* **RECORD EXTRACTS**:
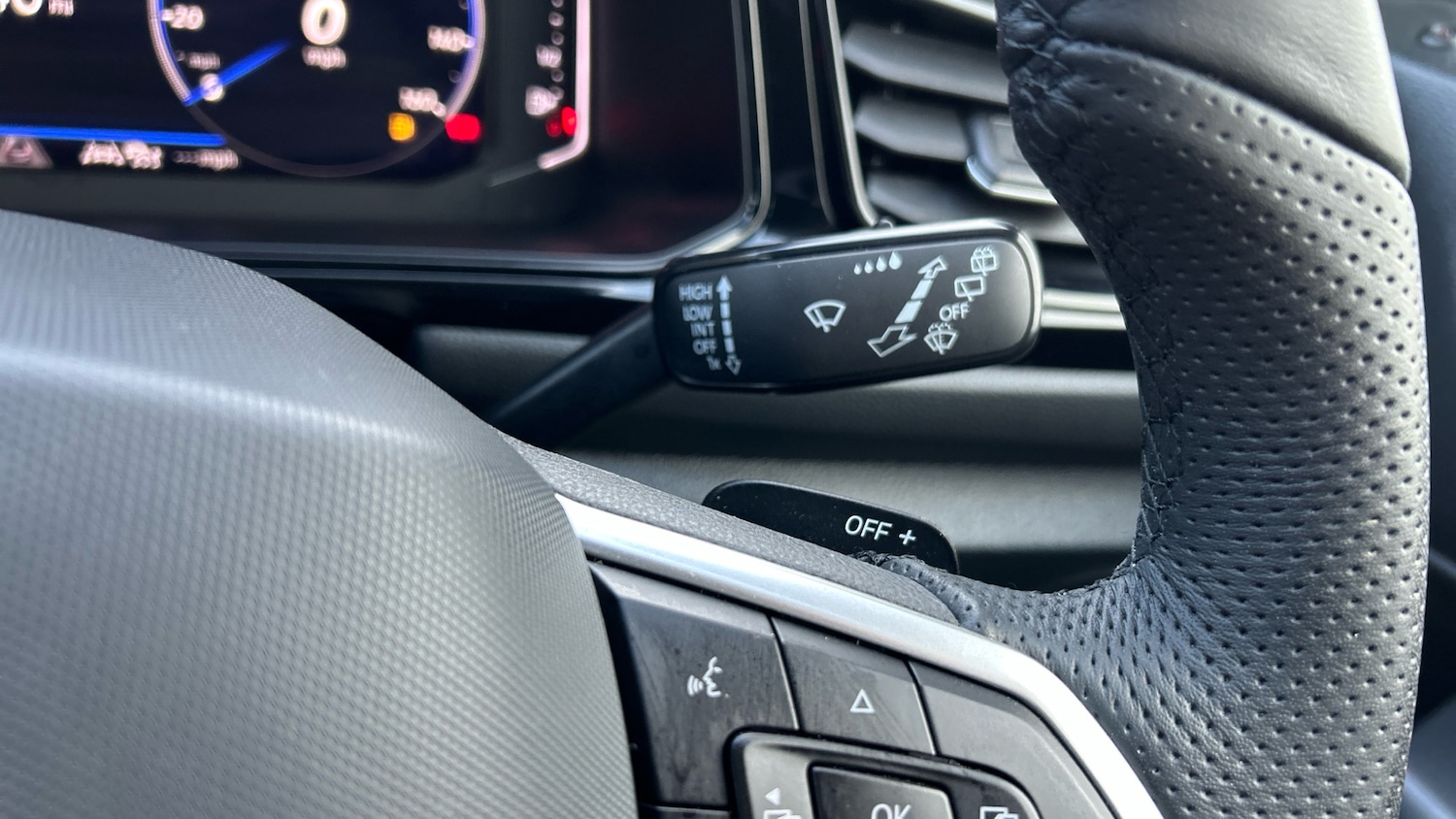 Used Volkswagen T-Roc 2025 for sale - 76863720: Photo 30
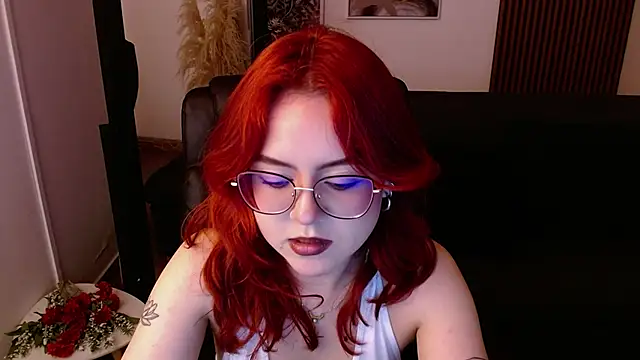 crimson tati  online show from March 22, 2025, 4:14 am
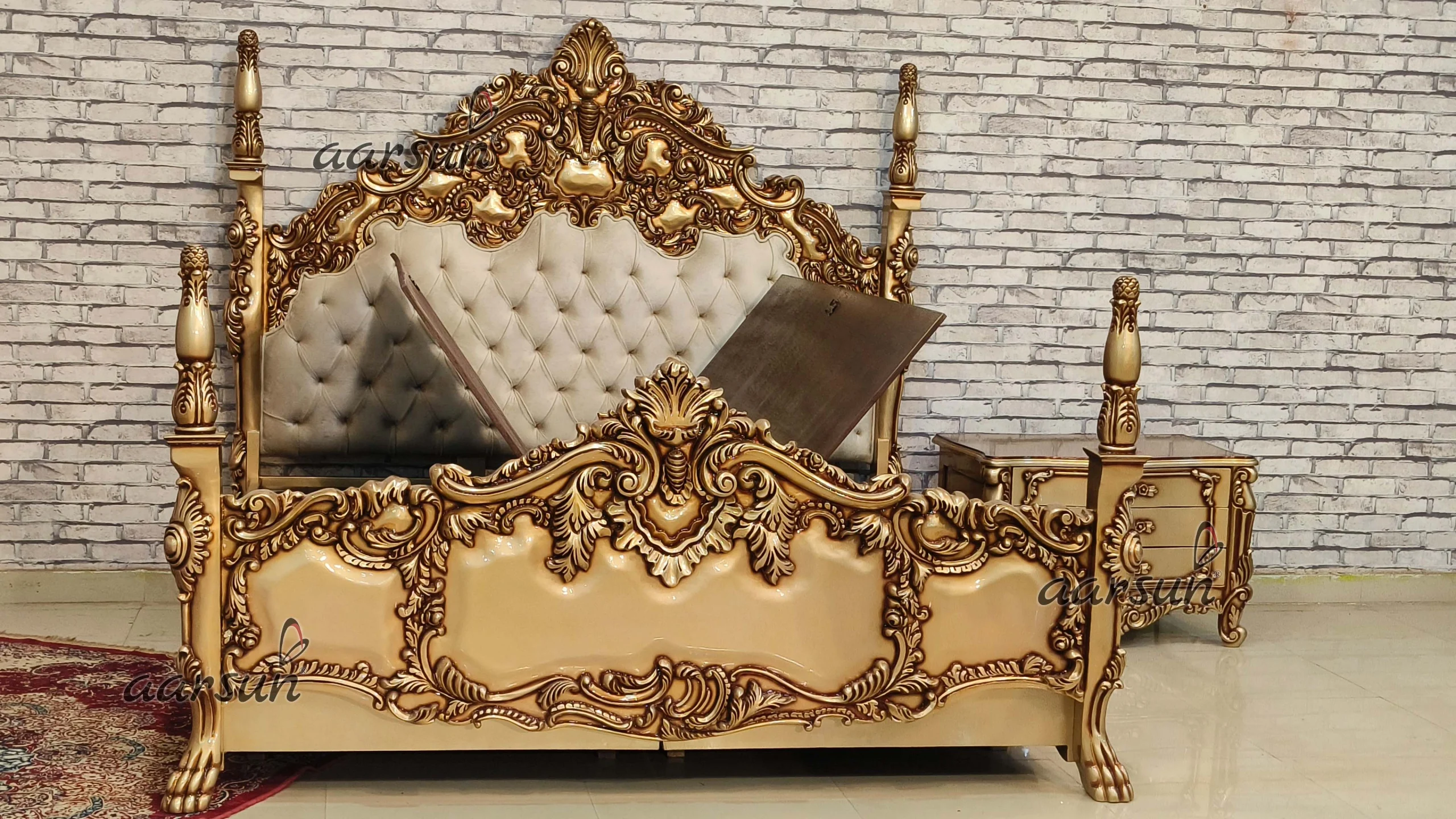 Marvelous Carvings Finishing in Classic Royal Bedroom Set view 9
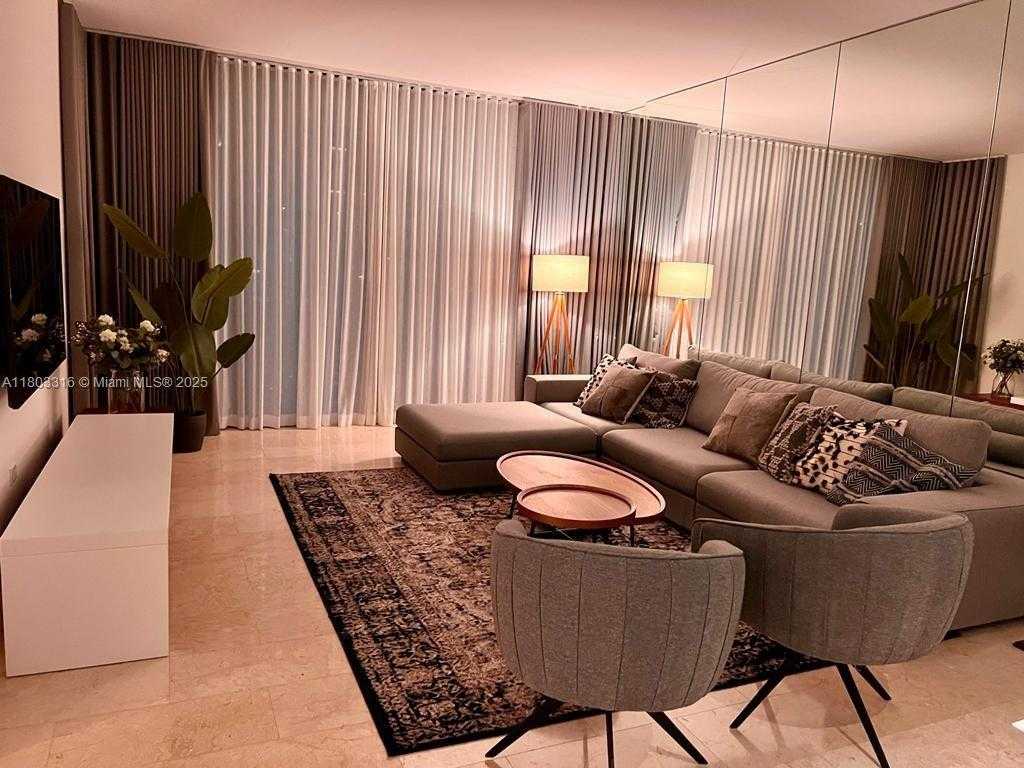 Small Image of 88 SOUTH WEST 7TH ST #808, Miami Number 10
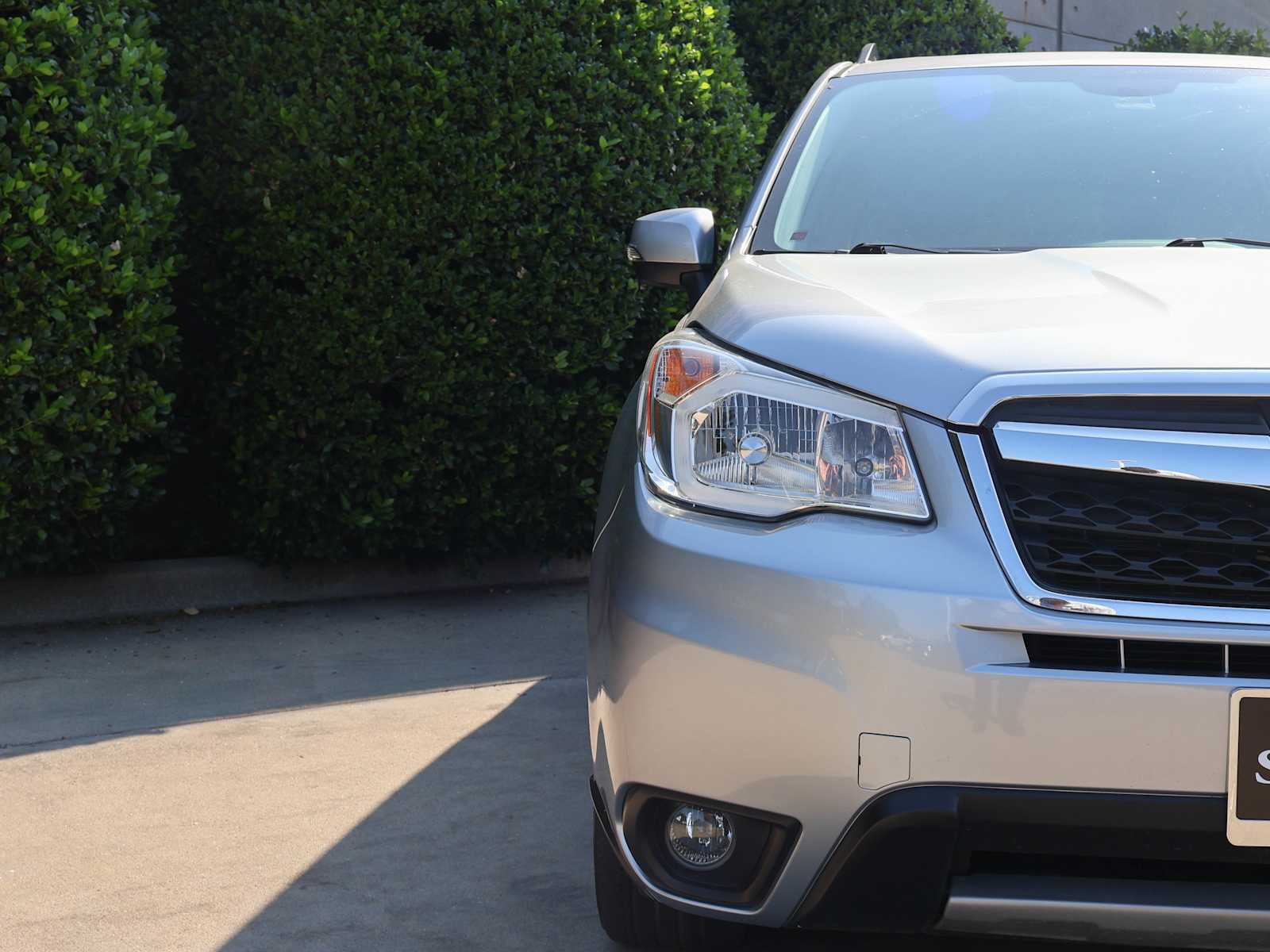 2016 Subaru Forester 2.5i Touring photo 4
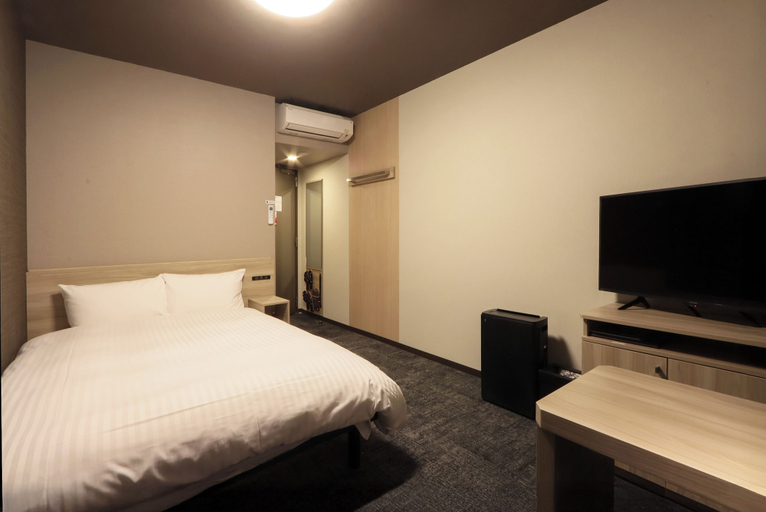 Room 2, Hotel Route Inn Omuta, Ōmuta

* **PROBLEM REQUIREMENTS**:
The lines from the one containing "2025, 4:14 am" through the final line of the data are to be repeated exactly, with both ends included and all pictures left out.

* **ANSWER SECTION**:
 crimson tati  online show from March 22, 2025, 4:14 am
 Marvelous Carvings Finishing in Classic Royal Bedroom Set view 9
 Small Image of 88 SOUTH WEST 7TH ST #808, Miami Number 10
 2016 Subaru Forester 2.5i Touring photo 4
 Room 2, Hotel Route Inn Omuta, Ōmuta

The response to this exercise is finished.